My first brilliant observation when I arrived in Prague was that Czech people still speak Czech. I'd been told otherwise. "Oh, you'll never speak so much English in your life as you'll speak in Prague," one of my classmates back in the States once said. Incredibly ignorant, I know, but there were reasons to think there wouldn't be much of a language barrier.

Last year eleven million people passed through Prague's Ruzyne Airport, where I was standing, while only ten million live in the entire Czech Republic. Plus I'd heard the city had become a British tourist utopia. I had visions of road signs with English subtitles.

When I stared down a long, sterile hallway where the yellow signs were completely incomprehensible - well, incomprehensible to me at least - I began to realize just how wrong I'd been.
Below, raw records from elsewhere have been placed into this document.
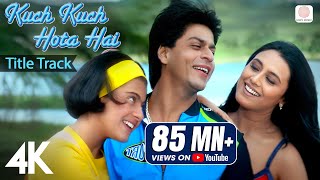 Kuch Kuch Hota Hai Title Track  4K Video  Shah Rukh Khan Kajol Rani Alka Yagnik Udit Narayan [upl. by Suhploda]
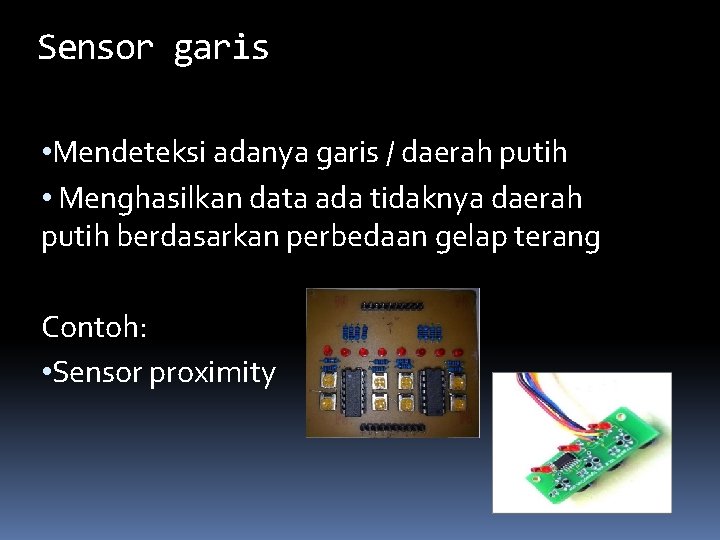 Sensor garis • Mendeteksi adanya garis / daerah putih • Menghasilkan data ada tidaknya Sensor garis • Mendeteksi adanya garis / daerah putih • Menghasilkan data ada tidaknya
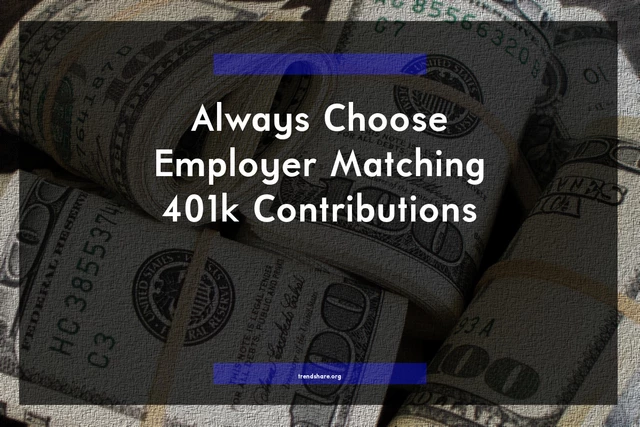 Always Choose Employer Matching 401k Contributions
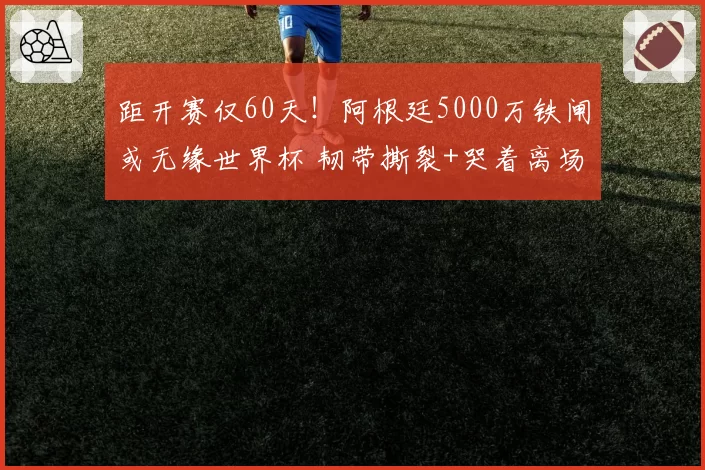 距开赛仅60天!阿根廷5000万铁闸或无缘世界杯 韧带撕裂+哭着离场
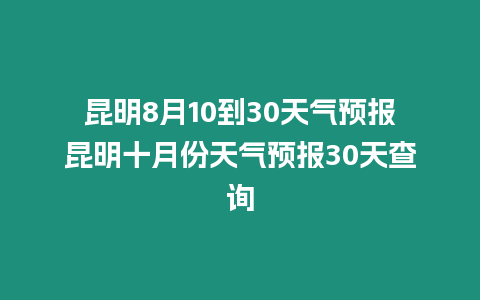 昆明8月10到30天氣預報昆明十月份天氣預報30天查詢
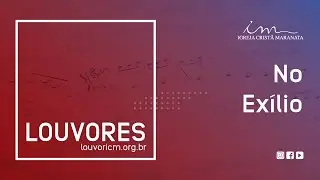LOUVOR - No ex&iacute;lio - Igreja Crist&atilde; Maranata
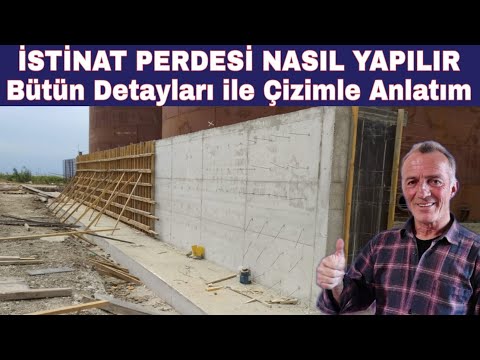 İSTİNAT PERDESİ NASIL YAPILIR? Bütün detayları ile Çizimli Anlatım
Thankfully, a Dutchman named Stephen saw my bewilderment and showed me the way to customs. I approached an agent, who said something that sounded like

"Dobry den hrmashrmactcsasdalkajdfasdfads and other words you don't understand you silly, unprepared Anglophone."

Embarrassed, I quickly found Stephen and followed him to baggage claim. When the luggage arrived, the belt started to turn with a gurgle. Bags bounced down the pipeline. Suddenly...

BAM! BAM BAM! BAMBAMBAMBAMBAM BAM BAM!

Tiles tumbled off the wall and onto the conveyer belt. Some shattered, shooting sharp bits of shrapnel inches from my rucksack. That they hadn't torn through the canvas was a miracle, in my opinion.

I looked at the broken white tiles. "Ha," I said. "What folly communism hath wrought." My second brilliant observation, or so I thought. After all, surely such shoddy masonry was leftover from the communist era.

"Actually, this is the new terminal," Stephen said. "They just opened this part of the airport a few months ago."

I couldn't believe him, but he was right. We were inside the North 2 terminal, a 0 million addition meant to ease the strain of so many visitors who arrive every day. At the fall of communism, Ruzyne handled about a million and a half passengers each year. The airport now has the capacity to safely land some 16 million people annually, though apparently there are some kinks that still have to be worked out.

So until further notice, I'd recommend that visitors use hard-shell suitcases. And my fellow uni-lingual gringos out there should definitely spend quality time with a language instruction tape. Trust me, it'll help. The Czechs, after all, still speak Czech.